Kiedy naprawdę narodził się Jezus? Na pewno nie 25 grudnia. Tę datę wymyślili ówcześni chrześcijanie. 25 grudnia urodził się Mitra, który w pierwszych wiekach naszej ery w rejonie basenu Morza Śródziemnego miał o wiele więcej wyznawców niż Chrystus. Chrześcijanie, wprowadzając w tym dniu Boże Narodzenie, rzucili wyzwanie wyznawcom Mitry. I zwyciężyli.
Mitraizm to najbardziej tajemnicza starożytna religia. Nie zachowały się żadne źródła napisane przez mitraistów. A informacje pochodzące od pisarzy chrześcijańskich są mało wiarygodne. Ich twórcy mieli powody, by zwalczać konkurencyjną religię.

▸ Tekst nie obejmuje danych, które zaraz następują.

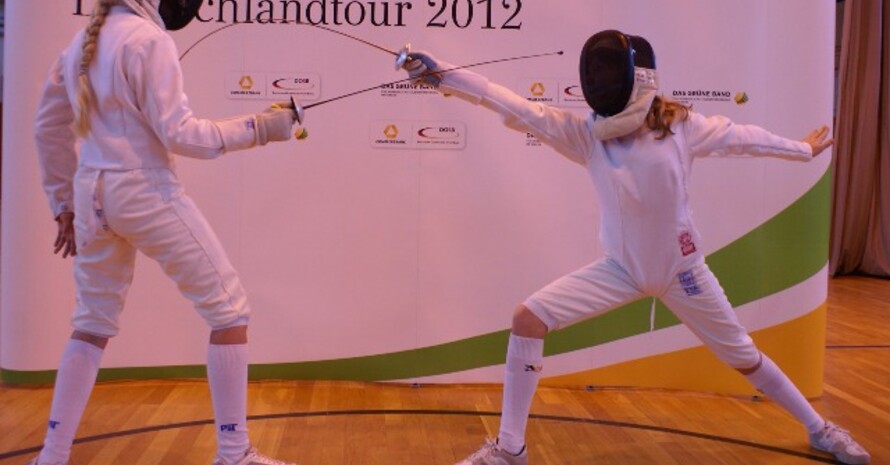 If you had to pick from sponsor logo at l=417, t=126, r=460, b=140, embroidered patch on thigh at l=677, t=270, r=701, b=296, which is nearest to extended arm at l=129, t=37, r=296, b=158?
embroidered patch on thigh at l=677, t=270, r=701, b=296

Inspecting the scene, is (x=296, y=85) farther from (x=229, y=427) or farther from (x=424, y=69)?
(x=229, y=427)

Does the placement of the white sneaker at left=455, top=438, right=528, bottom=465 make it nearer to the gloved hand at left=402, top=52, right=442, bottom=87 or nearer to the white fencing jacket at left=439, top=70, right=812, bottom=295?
the white fencing jacket at left=439, top=70, right=812, bottom=295

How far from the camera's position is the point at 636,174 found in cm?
285

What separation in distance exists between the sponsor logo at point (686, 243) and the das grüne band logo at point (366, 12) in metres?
1.43

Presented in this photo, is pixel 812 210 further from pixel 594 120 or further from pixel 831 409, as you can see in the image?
pixel 594 120

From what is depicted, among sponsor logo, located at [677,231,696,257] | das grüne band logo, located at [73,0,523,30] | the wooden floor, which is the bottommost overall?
the wooden floor

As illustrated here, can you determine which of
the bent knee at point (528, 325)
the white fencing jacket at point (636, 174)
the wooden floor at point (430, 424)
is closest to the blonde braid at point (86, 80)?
the white fencing jacket at point (636, 174)

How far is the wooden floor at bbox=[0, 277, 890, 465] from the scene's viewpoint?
10.1 ft

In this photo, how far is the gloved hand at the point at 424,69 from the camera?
280 centimetres

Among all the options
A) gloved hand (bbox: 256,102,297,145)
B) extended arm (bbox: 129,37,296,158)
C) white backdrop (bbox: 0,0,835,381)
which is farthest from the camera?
white backdrop (bbox: 0,0,835,381)

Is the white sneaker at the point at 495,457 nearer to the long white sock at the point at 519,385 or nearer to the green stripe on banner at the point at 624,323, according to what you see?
the long white sock at the point at 519,385

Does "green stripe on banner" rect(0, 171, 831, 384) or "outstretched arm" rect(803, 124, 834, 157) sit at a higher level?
"outstretched arm" rect(803, 124, 834, 157)

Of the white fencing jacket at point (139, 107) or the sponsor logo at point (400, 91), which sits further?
the sponsor logo at point (400, 91)

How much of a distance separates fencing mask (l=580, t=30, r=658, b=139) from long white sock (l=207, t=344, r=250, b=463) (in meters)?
1.19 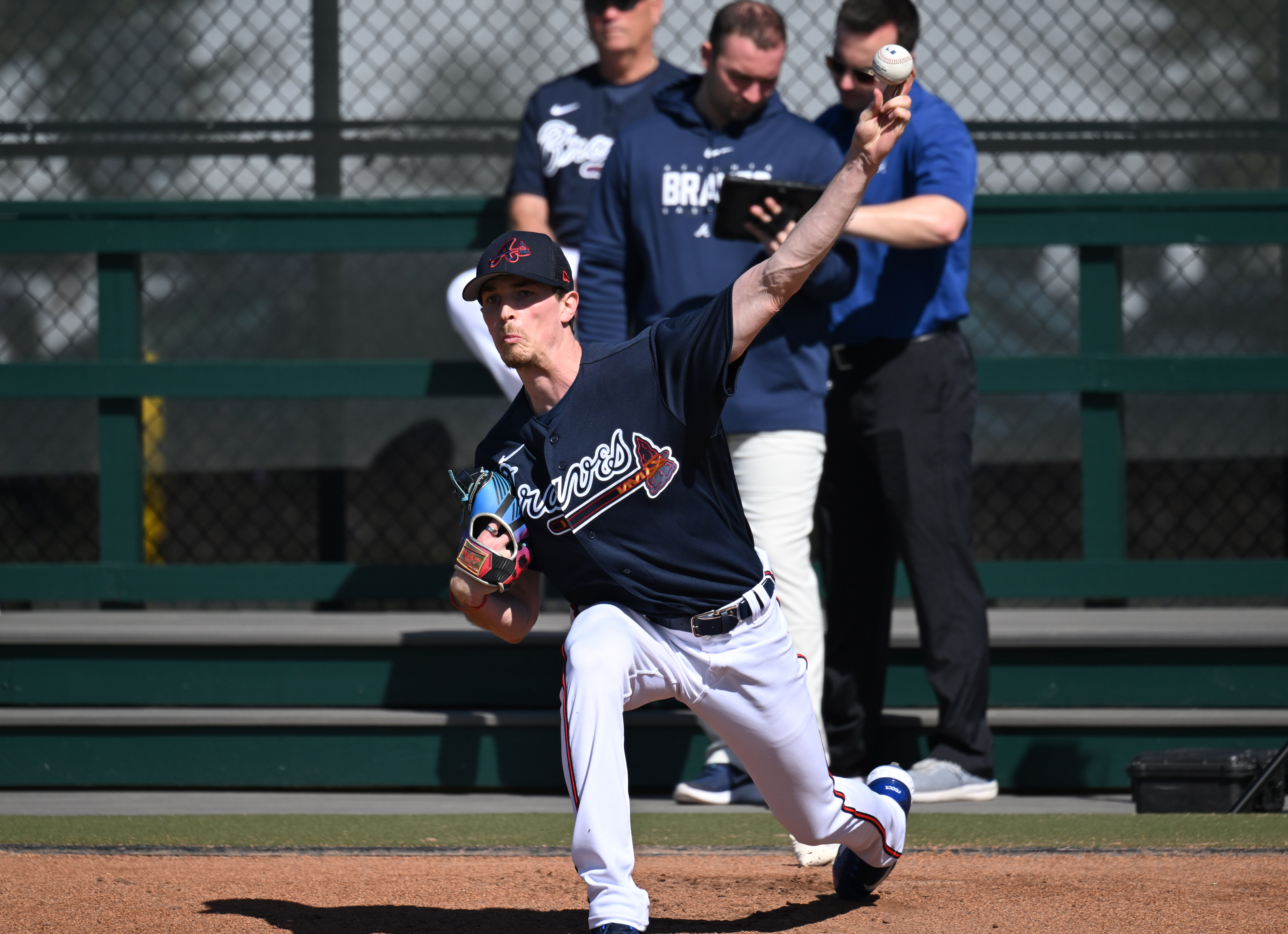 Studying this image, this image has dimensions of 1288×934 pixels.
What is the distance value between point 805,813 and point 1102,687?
218 cm

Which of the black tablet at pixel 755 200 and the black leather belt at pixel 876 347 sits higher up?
the black tablet at pixel 755 200

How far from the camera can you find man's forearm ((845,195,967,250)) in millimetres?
4055

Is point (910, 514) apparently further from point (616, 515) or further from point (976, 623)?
point (616, 515)

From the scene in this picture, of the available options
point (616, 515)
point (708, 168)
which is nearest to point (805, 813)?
point (616, 515)

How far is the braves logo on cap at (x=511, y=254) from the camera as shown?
2906 mm

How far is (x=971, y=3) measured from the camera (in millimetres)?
5910

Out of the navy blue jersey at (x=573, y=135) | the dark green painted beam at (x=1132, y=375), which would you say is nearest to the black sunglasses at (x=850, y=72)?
the navy blue jersey at (x=573, y=135)

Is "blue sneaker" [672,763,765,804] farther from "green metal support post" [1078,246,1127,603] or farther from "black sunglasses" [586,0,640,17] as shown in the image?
"black sunglasses" [586,0,640,17]

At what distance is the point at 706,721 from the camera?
10.1 feet

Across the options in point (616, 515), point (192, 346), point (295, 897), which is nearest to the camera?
point (616, 515)

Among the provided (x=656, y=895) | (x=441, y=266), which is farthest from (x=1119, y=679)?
(x=441, y=266)

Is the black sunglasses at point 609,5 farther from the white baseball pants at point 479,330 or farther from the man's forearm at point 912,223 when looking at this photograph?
the man's forearm at point 912,223

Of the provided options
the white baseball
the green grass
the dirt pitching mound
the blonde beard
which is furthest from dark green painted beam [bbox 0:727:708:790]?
the white baseball

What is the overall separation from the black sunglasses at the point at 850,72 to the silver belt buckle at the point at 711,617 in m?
2.03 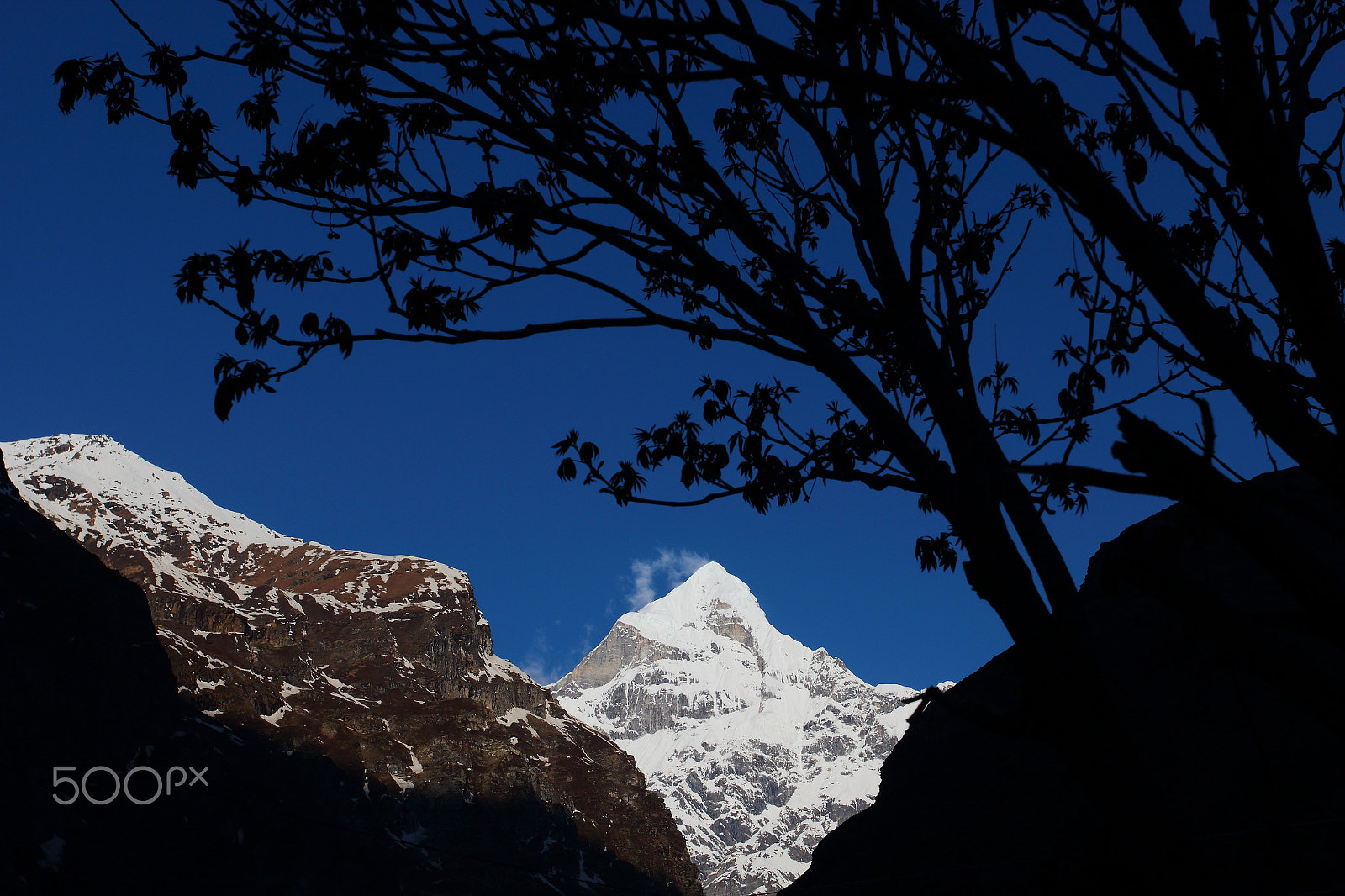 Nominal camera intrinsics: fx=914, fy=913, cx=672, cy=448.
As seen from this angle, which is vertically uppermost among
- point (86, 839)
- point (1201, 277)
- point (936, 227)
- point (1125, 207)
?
point (86, 839)

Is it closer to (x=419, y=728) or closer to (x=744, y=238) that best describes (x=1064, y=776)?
(x=744, y=238)

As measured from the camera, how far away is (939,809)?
27438 millimetres

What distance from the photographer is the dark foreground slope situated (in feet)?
9.12

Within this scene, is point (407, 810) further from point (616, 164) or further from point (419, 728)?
point (616, 164)

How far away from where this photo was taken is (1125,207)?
3586 millimetres

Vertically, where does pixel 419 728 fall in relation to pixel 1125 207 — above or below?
above

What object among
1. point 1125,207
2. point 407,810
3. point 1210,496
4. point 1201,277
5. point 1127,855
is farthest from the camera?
point 407,810

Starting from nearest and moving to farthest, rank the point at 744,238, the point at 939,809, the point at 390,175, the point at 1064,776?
the point at 744,238
the point at 390,175
the point at 1064,776
the point at 939,809

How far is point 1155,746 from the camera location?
75.3 ft

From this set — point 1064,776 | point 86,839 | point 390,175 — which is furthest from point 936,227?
point 86,839

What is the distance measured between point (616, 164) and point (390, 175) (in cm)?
191

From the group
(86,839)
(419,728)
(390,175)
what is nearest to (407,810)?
(419,728)

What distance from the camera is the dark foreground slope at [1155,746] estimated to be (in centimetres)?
278

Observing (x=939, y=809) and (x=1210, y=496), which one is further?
(x=939, y=809) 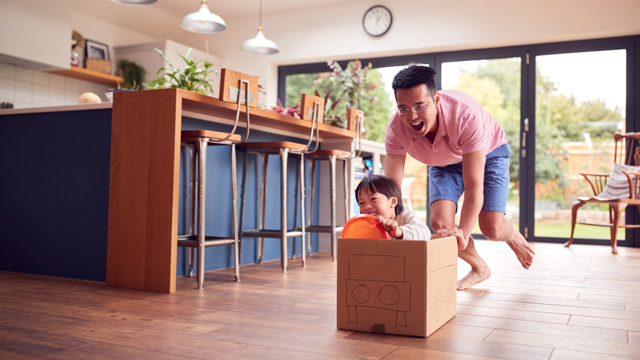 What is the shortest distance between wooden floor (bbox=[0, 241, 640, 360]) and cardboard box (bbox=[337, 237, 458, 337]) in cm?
5

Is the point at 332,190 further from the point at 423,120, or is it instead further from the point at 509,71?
the point at 509,71

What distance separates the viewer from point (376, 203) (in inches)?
77.4

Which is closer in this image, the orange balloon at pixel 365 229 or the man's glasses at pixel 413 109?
the orange balloon at pixel 365 229

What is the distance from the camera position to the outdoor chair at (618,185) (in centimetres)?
471

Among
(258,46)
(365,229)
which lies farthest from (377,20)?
(365,229)

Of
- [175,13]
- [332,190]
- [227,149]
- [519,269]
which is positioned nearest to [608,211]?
[519,269]

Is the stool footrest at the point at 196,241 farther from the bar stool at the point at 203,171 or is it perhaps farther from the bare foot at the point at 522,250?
the bare foot at the point at 522,250

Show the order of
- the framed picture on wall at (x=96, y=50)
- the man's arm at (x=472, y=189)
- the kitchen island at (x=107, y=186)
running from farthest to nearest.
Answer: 1. the framed picture on wall at (x=96, y=50)
2. the kitchen island at (x=107, y=186)
3. the man's arm at (x=472, y=189)

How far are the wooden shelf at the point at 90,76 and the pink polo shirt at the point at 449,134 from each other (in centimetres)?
425

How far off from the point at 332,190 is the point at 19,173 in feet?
6.23

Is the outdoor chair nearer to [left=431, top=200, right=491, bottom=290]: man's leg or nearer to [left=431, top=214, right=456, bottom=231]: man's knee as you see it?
[left=431, top=200, right=491, bottom=290]: man's leg

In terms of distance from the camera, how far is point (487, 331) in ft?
6.07

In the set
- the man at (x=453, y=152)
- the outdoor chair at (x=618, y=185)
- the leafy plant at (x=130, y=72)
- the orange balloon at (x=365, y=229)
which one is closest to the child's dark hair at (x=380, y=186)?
the orange balloon at (x=365, y=229)

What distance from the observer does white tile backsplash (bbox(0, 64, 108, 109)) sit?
534 cm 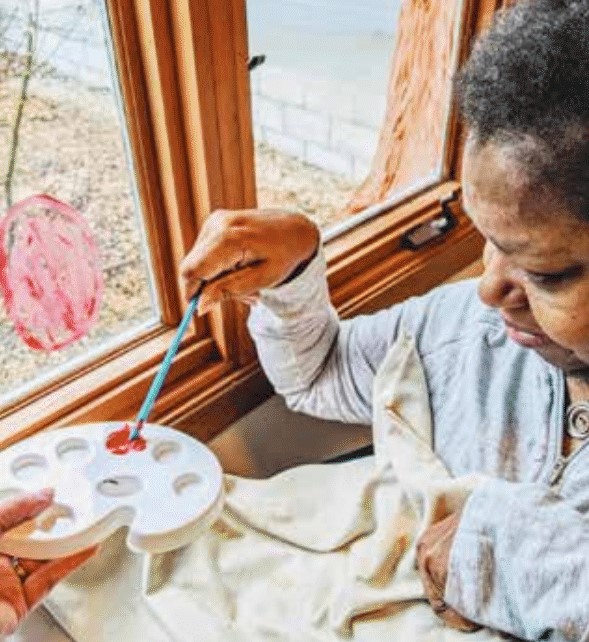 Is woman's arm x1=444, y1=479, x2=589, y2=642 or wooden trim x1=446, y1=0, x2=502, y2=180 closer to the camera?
woman's arm x1=444, y1=479, x2=589, y2=642

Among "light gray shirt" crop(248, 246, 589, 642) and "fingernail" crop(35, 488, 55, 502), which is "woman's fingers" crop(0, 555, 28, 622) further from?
"light gray shirt" crop(248, 246, 589, 642)

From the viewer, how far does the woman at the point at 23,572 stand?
2.22ft

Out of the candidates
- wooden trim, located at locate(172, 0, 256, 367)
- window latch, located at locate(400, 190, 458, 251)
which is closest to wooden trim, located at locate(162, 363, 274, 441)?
wooden trim, located at locate(172, 0, 256, 367)

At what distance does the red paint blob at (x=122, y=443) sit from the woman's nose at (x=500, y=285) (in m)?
0.40

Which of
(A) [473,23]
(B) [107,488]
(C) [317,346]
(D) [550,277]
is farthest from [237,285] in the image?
(A) [473,23]

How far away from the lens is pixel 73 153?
34.0 inches

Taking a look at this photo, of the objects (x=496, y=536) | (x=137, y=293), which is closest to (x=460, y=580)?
(x=496, y=536)

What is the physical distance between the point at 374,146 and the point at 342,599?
34.0 inches

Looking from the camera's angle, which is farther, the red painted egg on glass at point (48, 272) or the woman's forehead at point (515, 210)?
the red painted egg on glass at point (48, 272)

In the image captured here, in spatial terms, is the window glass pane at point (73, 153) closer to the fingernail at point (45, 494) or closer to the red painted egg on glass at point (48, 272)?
the red painted egg on glass at point (48, 272)

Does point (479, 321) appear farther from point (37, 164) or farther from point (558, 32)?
point (37, 164)

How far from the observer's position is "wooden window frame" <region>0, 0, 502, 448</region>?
2.62 ft

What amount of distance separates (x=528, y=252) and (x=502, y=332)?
26cm

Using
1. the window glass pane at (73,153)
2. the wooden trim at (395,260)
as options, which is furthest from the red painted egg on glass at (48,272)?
the wooden trim at (395,260) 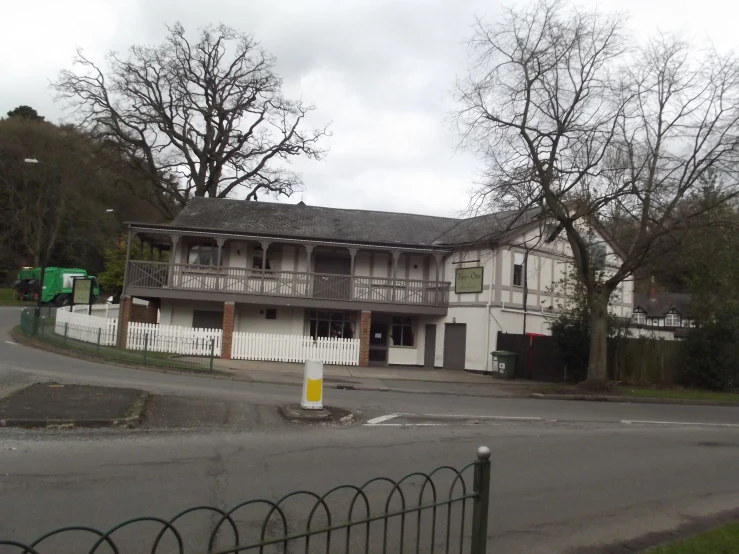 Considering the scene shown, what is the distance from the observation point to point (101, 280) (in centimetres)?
4222

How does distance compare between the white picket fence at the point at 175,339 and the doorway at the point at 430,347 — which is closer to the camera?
the white picket fence at the point at 175,339

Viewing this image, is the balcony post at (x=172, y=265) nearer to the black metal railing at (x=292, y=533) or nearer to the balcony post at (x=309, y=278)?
the balcony post at (x=309, y=278)

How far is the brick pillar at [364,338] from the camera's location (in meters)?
27.8

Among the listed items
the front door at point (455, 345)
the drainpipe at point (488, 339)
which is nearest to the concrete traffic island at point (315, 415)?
the drainpipe at point (488, 339)

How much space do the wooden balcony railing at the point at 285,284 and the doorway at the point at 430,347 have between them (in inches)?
54.5

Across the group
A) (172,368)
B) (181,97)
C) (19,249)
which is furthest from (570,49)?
(19,249)

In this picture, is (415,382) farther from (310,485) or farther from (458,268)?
(310,485)

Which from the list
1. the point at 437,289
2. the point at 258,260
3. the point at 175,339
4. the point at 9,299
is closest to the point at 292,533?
the point at 175,339

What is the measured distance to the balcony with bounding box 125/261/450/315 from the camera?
28.0m

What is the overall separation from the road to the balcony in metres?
12.6

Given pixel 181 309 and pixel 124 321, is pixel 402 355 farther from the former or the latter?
pixel 124 321

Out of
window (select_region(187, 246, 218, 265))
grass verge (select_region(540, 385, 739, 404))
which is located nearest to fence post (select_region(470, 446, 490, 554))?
grass verge (select_region(540, 385, 739, 404))

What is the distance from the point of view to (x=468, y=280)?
1136 inches

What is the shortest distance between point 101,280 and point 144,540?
39.5 meters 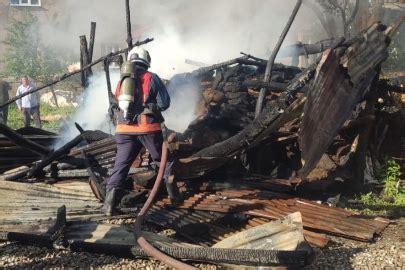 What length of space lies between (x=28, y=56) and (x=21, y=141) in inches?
756

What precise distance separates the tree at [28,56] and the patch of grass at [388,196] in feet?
69.1

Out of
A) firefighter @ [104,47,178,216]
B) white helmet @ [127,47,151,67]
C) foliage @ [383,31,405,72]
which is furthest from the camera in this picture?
foliage @ [383,31,405,72]

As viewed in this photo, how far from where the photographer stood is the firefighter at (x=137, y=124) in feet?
16.9

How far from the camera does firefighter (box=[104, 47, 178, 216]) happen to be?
5156 millimetres

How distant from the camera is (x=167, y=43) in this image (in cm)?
1994

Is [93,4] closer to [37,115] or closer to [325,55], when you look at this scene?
[37,115]

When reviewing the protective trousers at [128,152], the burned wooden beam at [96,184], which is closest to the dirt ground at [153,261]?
the protective trousers at [128,152]

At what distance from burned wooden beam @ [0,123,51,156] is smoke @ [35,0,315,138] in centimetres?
965

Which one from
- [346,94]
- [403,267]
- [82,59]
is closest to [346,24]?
[82,59]

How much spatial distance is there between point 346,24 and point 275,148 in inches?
433

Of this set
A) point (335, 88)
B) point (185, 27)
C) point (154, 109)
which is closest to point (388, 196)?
point (335, 88)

Najcenniejsze źródło informacji to badania archeologiczne. Na całym terenie Imperium Romanum archeolodzy odkopali tysiące mitreów – świątyń, w których odbywały się tajemnicze obrzędy. Mitrea zazwyczaj tworzono w jaskiniach, mogły pomieścić nie więcej niż 30 osób. Panująca w nich ciemność była elementem obrzędów. W centralnym punkcie znajdowały się relief lub rzeźba przedstawiające najważniejszą scenę kultu – Mitrę zabijającego byka.
Wyznawcy Mitry przechodzili siedem etapów wtajemniczenia: Kruk, Pan Młody, Żołnierz, Lew, Pers, Kurier Słońca i Ojciec. Przyjęcie do wspólnoty było potwierdzane uściśnięciem dłoni Ojca. Podczas inicjacji nagi kandydat kładł się w specjalnym dole obok ołtarza, a nad nim zabijano byka w taki sposób, aby skąpać nowo przyjętego we krwi. Później wspólnota wydawała uroczysty bankiet naśladujący scenę z mitraickiej mitologii: ucztę Mitry i Słońca.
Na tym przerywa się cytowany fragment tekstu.